El científico que estuvo en prisión por crear los primeros bebés genéticamente modificados. Ahora quiere hacerlo de nuevo.

 – Tinta clara

En 2018, un científico subió a un escenario en Hong Kong para anunciar que había cruzado el Rubicón: el nacimiento de los primeros bebés genéticamente modificados de la historia. Hoy, después de cumplir tres años de prisiónHe Jiankui ha vuelto. Pero él no busca el perdón. Con una financiación de 50 millones de yuanes (unos 7 millones de euros) y una estética cada vez más mesiánica, el hombre apodado el «Frankenstein chino» pretende reescribir de nuevo el código de la vida.

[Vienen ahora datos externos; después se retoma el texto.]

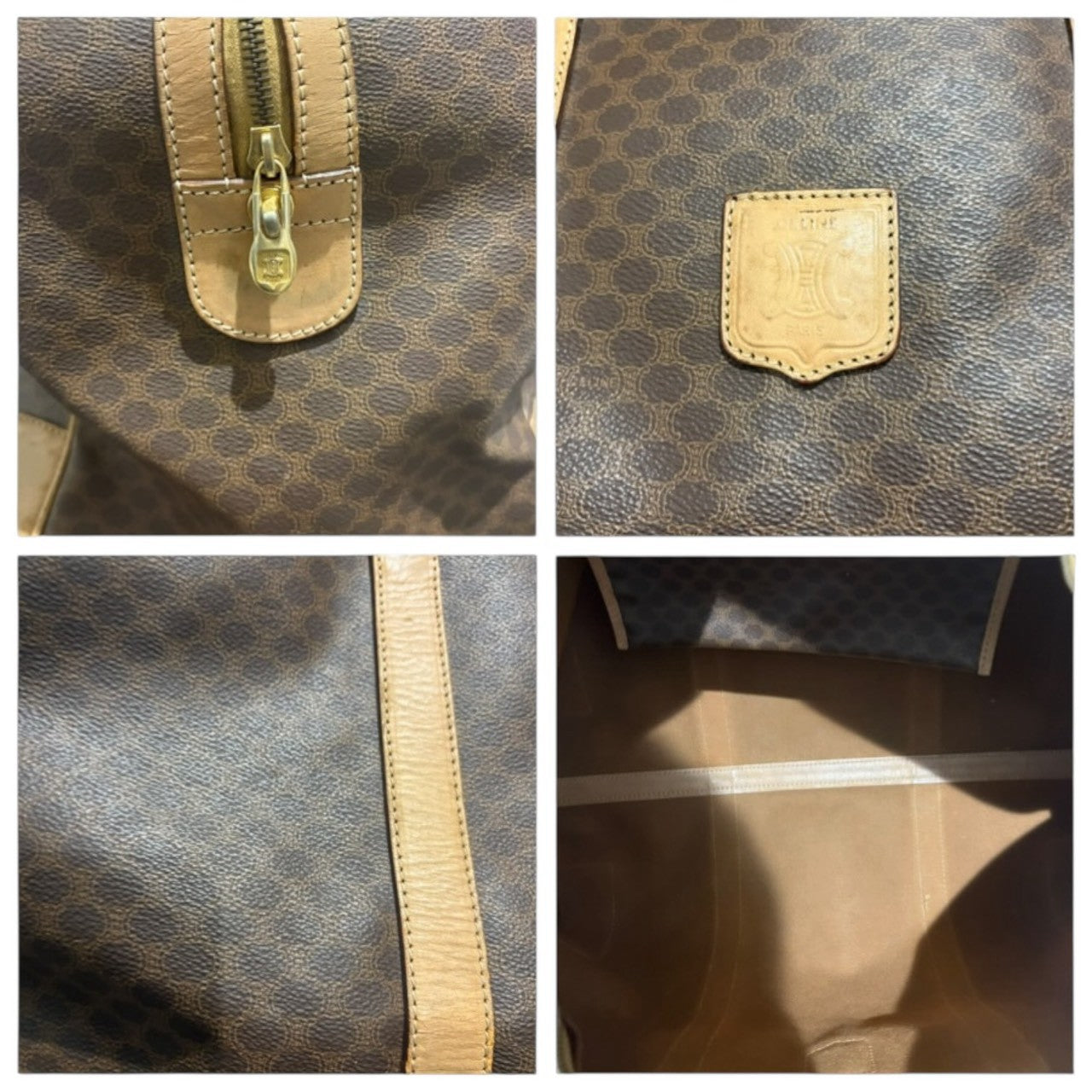 CELINE セリーヌ マカダム ブラウン PVC / レザー JM13 ボストンバッグ レディース B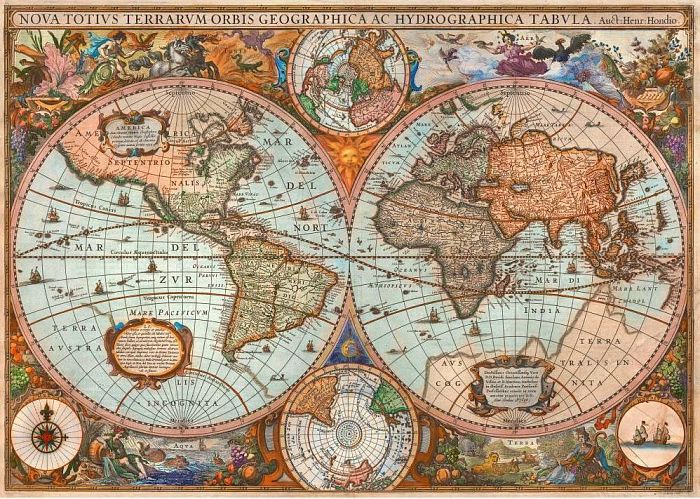Schmidt puzzle 3000 pieces: Antique world map 58328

Esta vez, con una promesa aún mayor: erradicar el Alzheimer.

«¡Sé lo que se siente ser Dios!» gritó el profesor Frankenstein, interpretado por Colin Clive, en la película. frankenstein (1931), estableciendo para siempre el mito del científico que traspasa todos los límites. Tras su liberación en 2022, He Jiankui parece haber asumido ese papel sin ironía. En una entrevista reciente con CABLEADOya no se presenta como un investigador imprudente que aprendió la lección, sino como un «pionero de la edición genética», término que exigió como condición para ser entrevistado. En las redes sociales se le define como el «Darwin chino» o el «Oppenheimer de China»y a menudo publica fotos con un abrigo impecable, posando sola en un laboratorio.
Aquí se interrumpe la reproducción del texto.